Web page caption snippets
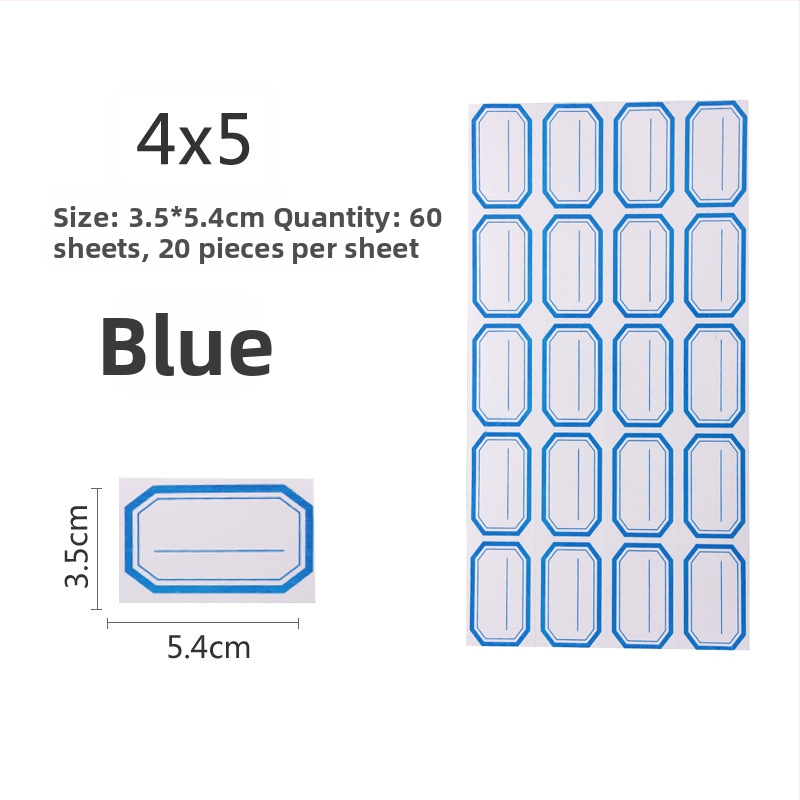 Ručne napisane etikete, materijal: naljepnica, model: 00, Zhengyou, 49 etiketa po stranici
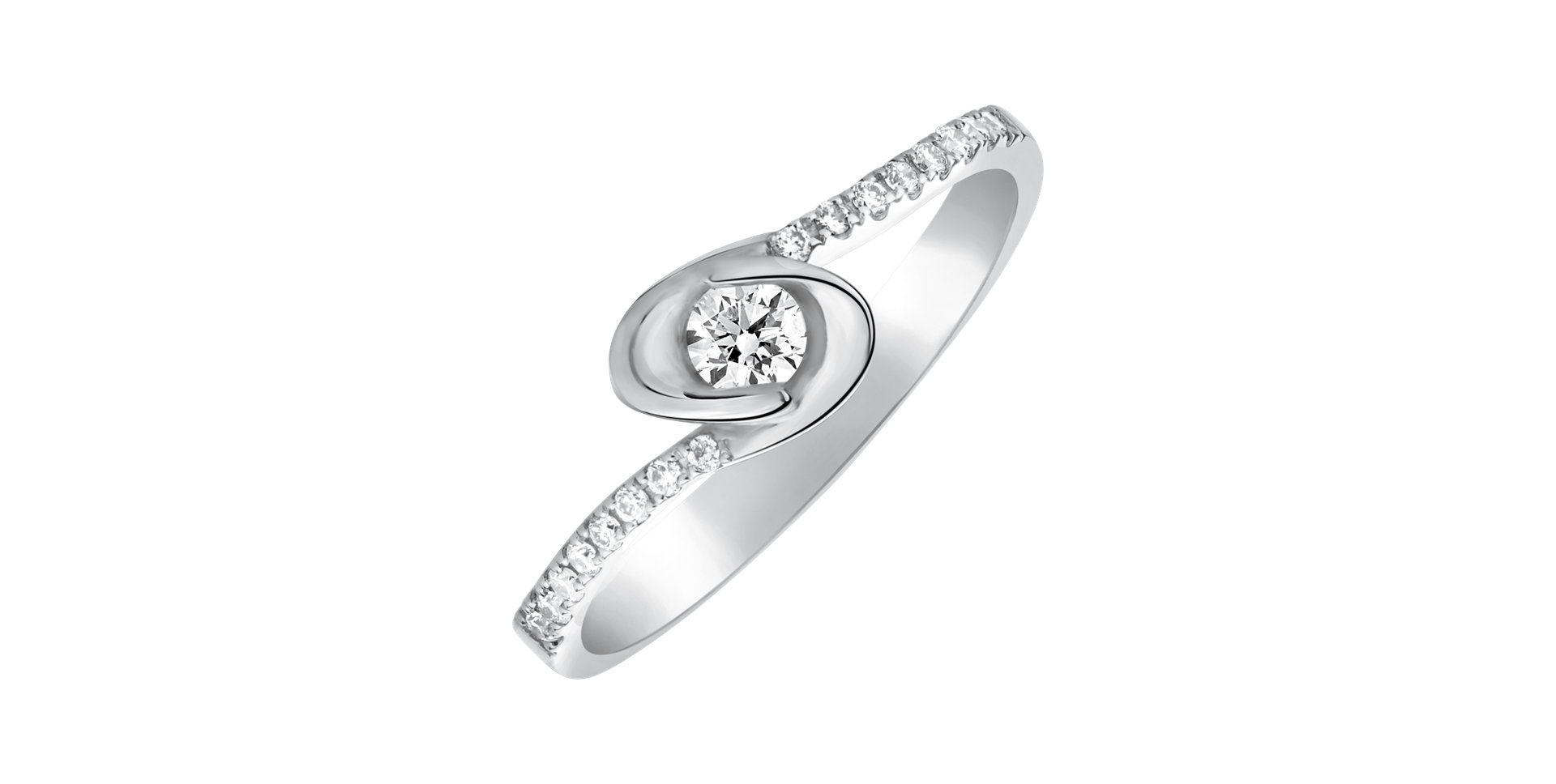 Prsteň s diamantmi Dazzling Love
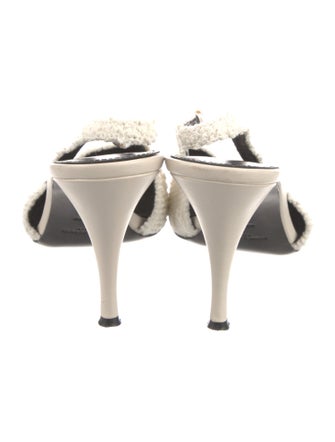 Saint Laurent Colorblock Pattern Slingback Pumps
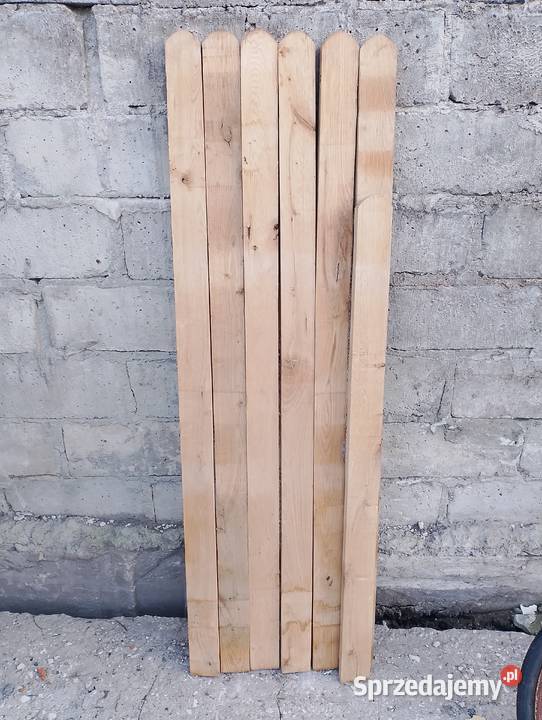 Sztachety dębowe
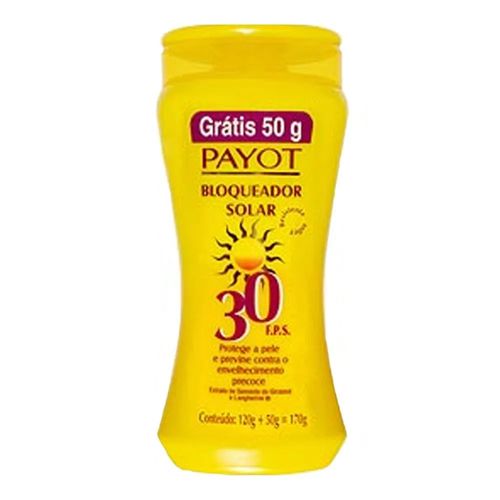 Protetor Solar Payot FPS 30 170g Protetor Solar Payot FPS 30 170g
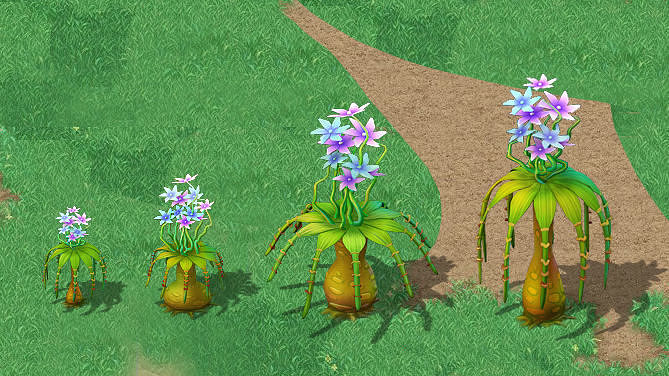 Cartoon version - braid flower 3D model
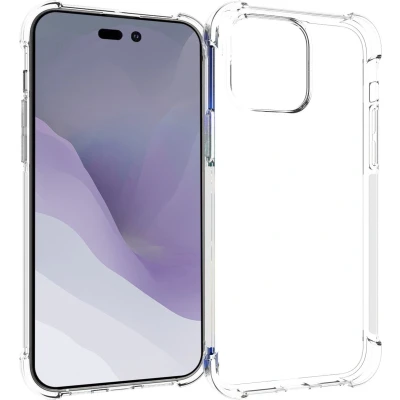 Afbeelding van iMoshion Hoesje Geschikt voor iPhone 14 Pro Max Siliconen Softcase Backcover smartphone Transparant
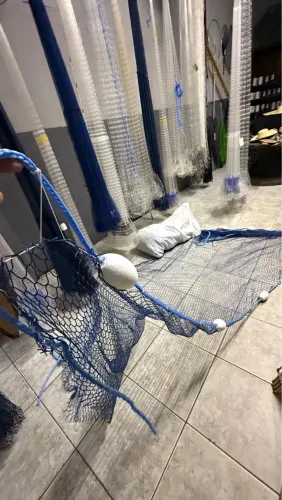 Rede para piscicultura 30 metros por 3 de altura 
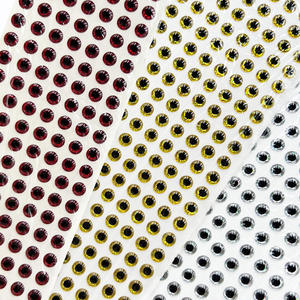 Realistico olografico artificiale 3D <span class=keywords><strong>occhi</strong></span> finti per fare esca da pesca mosca legante fai da te strumento <span class=keywords><strong>di</strong></span> pesca per pesca in acque profonde - Product Image 4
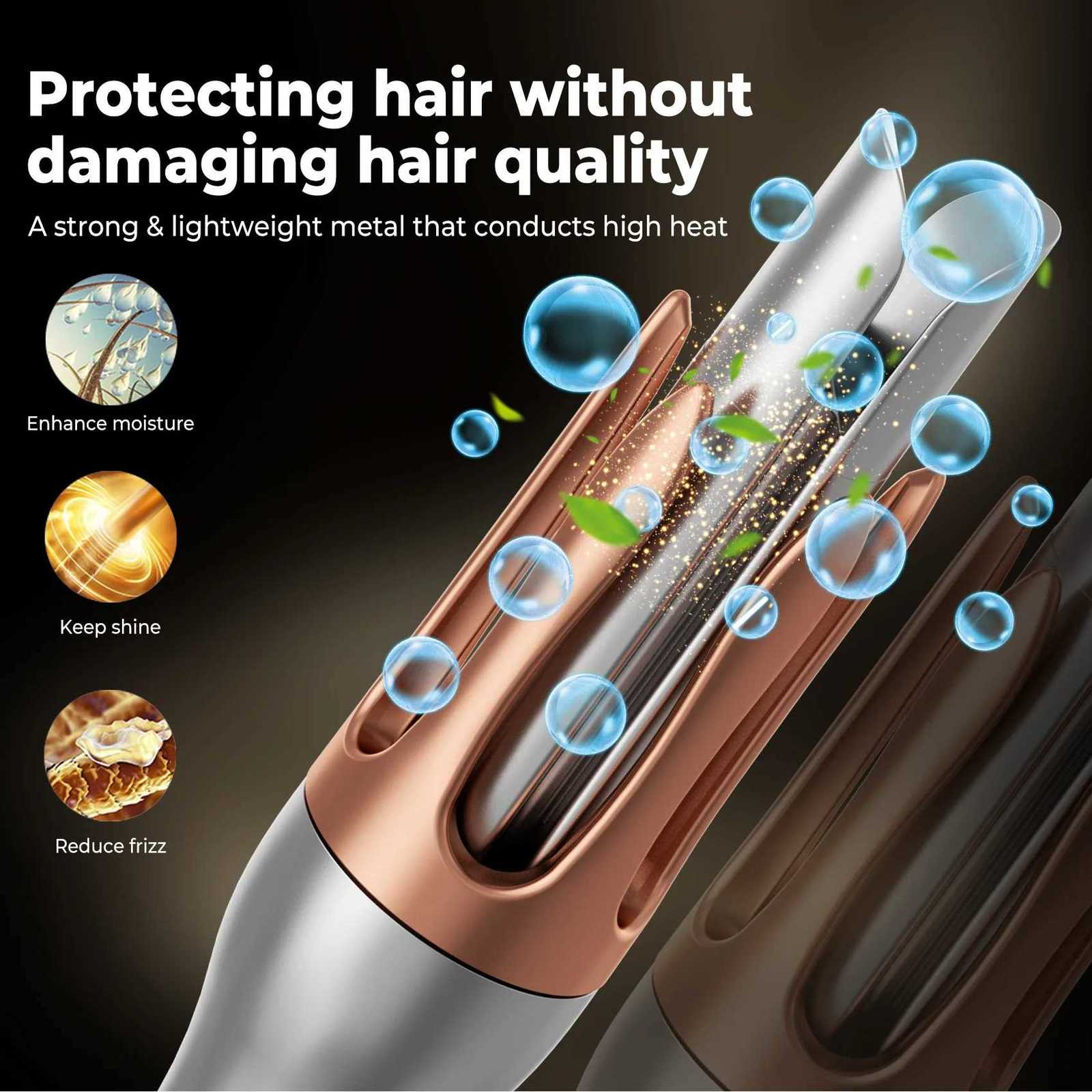 Electric Automatic Hair Curler 32mm Rotating Ceramic Hair Roller Professional Large Curling Iron Wand for Versatile StylingT251210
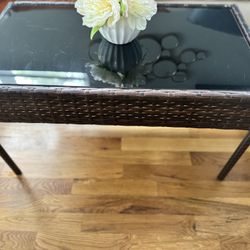 Small Cocktail Indoor Outdoor Patio Table.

*WORK REQUIRED:* In the data above, find the line containing "Rede para piscicultura" and the line containing "Realistico olografico artificiale". Copy exactly the stretch from the first through the second, both included, leaving out any picture.

*EXERCISE SOLUTION:*
 Rede para piscicultura 30 metros por 3 de altura 
 Realistico olografico artificiale 3D <span class=keywords><strong>occhi</strong></span> finti per fare esca da pesca mosca legante fai da te strumento <span class=keywords><strong>di</strong></span> pesca per pesca in acque profonde - Product Image 4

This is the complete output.